● **Work instructions**
The required output is the line with "Golden wave at sunset" plus all lines that follow it to the end of the listing below, written out exactly, with no pictures.

● **Records to use**

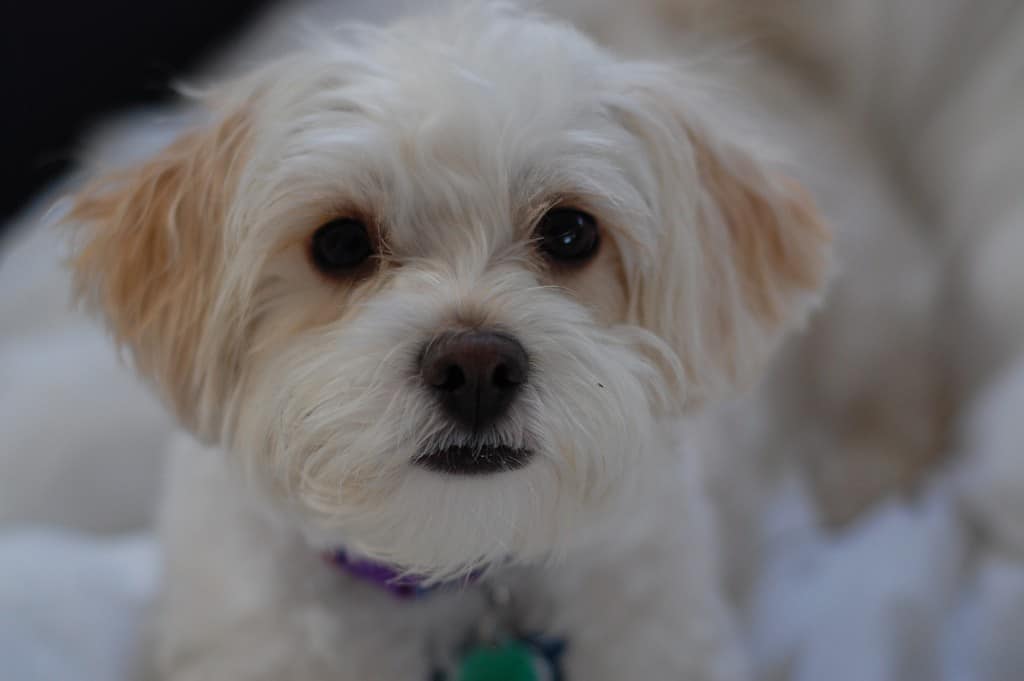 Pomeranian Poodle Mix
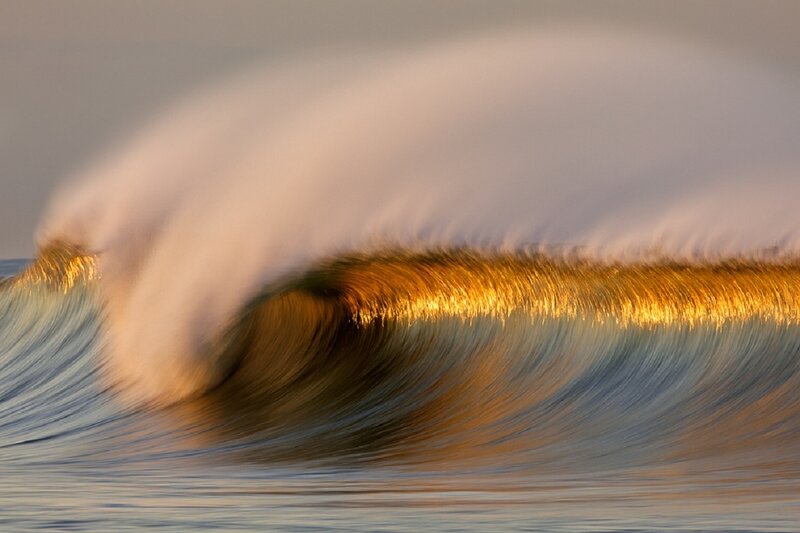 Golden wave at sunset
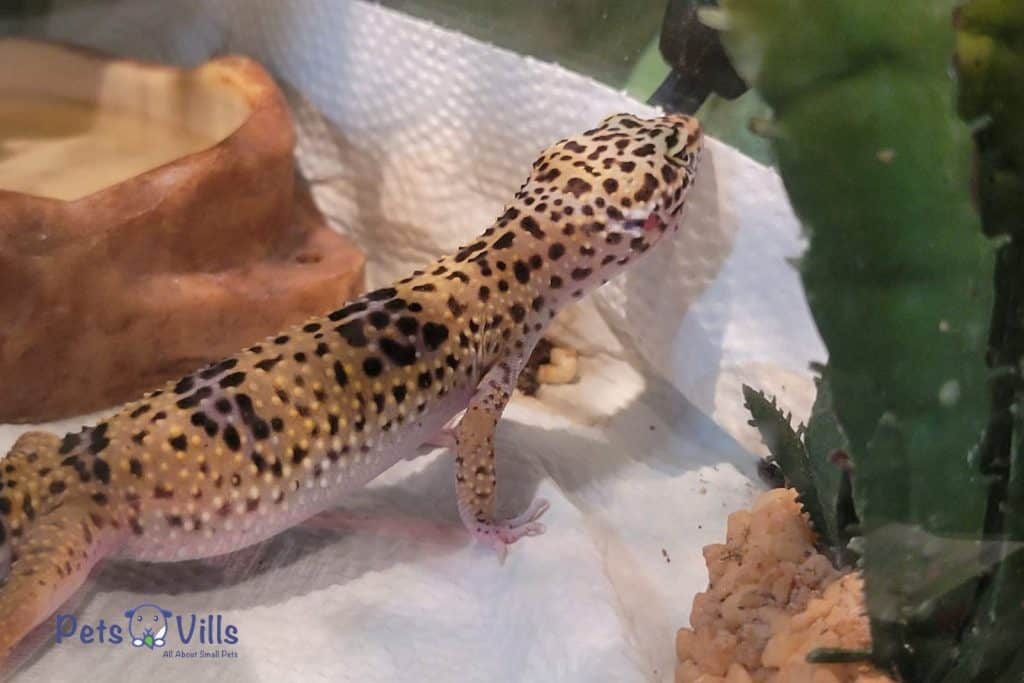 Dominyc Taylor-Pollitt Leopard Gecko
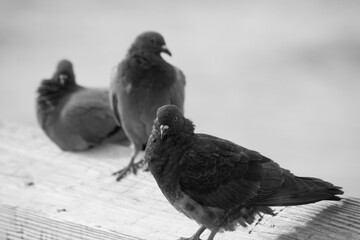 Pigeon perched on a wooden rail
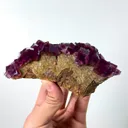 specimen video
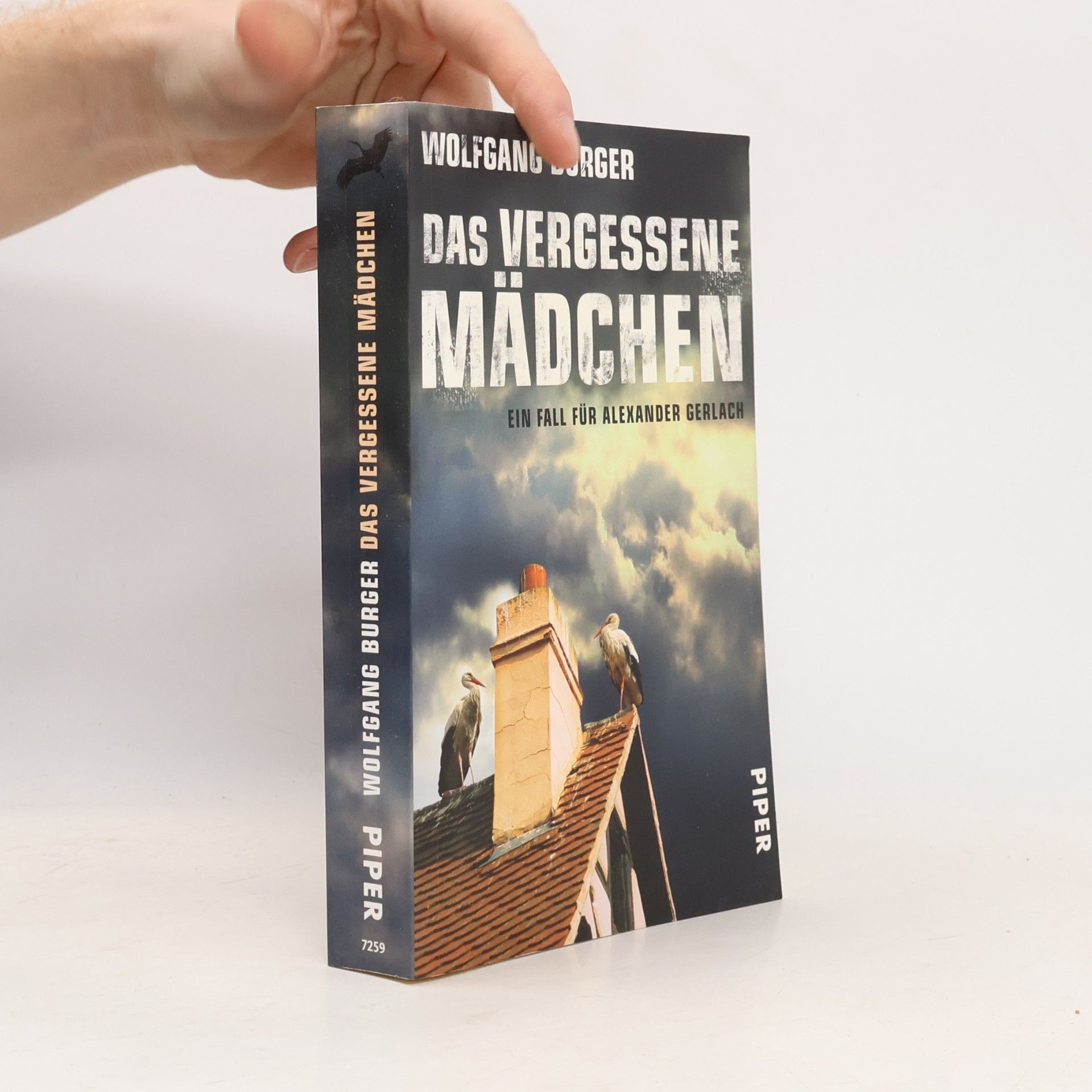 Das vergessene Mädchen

● **Answer section**
 Golden wave at sunset
 Dominyc Taylor-Pollitt Leopard Gecko
 Pigeon perched on a wooden rail
 specimen video
 Das vergessene Mädchen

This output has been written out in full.